13. The method of any one of the preceding claims, further comprising displaying the report on a computer display.
14. The method of any one of the preceding claims, further comprising generating an electronic document of the report and storing the electronic document on a data store.
15. The method of any one of the preceding claims, further comprising determining a team of medical service providers to maximise a quality of care parameter.
16. The method of claim 15, wherein determining the team comprises determining the team based on diagnostic data associated with a patient.
17. Software, that when installed on a computer causes the computer to perform the method of any one of the preceding claims.
18. A computer system for analysing medical services data related to services provided by medical service providers, the computer system comprising:
an input port to receive the medical services data;
a processor to determine a network of the medical service providers based on the medical services data, the network comprising a measure of relationship between any two of the medical service providers,
to determine a network measure based on the measure of relationship between any two of the medical service providers, and
to generating a report indicating the network measure; and a data store to store the report.

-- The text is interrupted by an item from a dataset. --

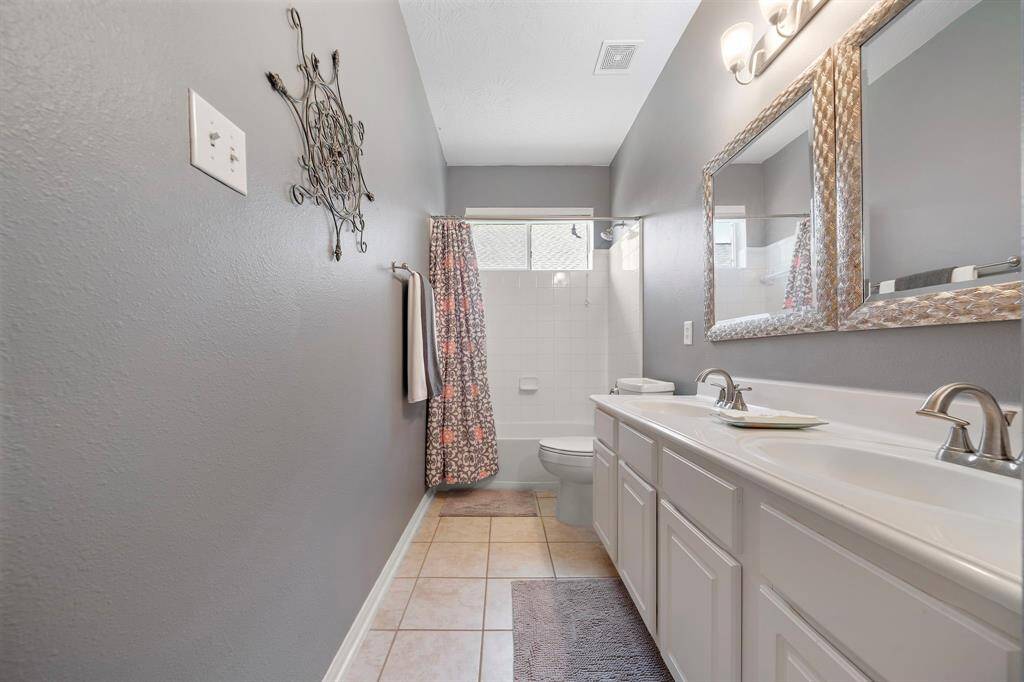 The secondary bathroom offers two sinks and great storage.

19. A method for visualising medical services data related to services provided by medical service providers, the method comprising:
determining a network of the medical service providers based on the medical services data, the network comprising a measure of relationship between any two of the medical service providers;
generating a graphical user interface comprising node symbols representing the medical service providers and graphical connections between pairs of two node symbols representing the measure of relationship between these two node symbols.
20. The method of claim 19, wherein the user interface comprises user controls to control filtering of the medical services data.
21. The method of claim 19 or 20, wherein the user interface comprises a user input for entering an identifier of one of the medical service providers and the method further comprises, in response to a user entering an identifier of one of the medical service providers generating a provider centred collaboration network.
22. Software, that when installed on a computer causes the computer to perform the method of any one of the claims 19 to 21.
23. A computer system for visualising medical services data related to services provided by medical service providers, the computer system comprising:
an input port to receive the medical services data; a processor
to determine a network of the medical service providers based on the medical services data, the network comprising a measure of relationship between any two of the medical service providers, and
to generate a graphical user interface comprising node symbols representing the medical service providers and graphical connections between pairs of two node symbols representing the measure of relationship between these two node symbols; and
a display to display the graphical user interface.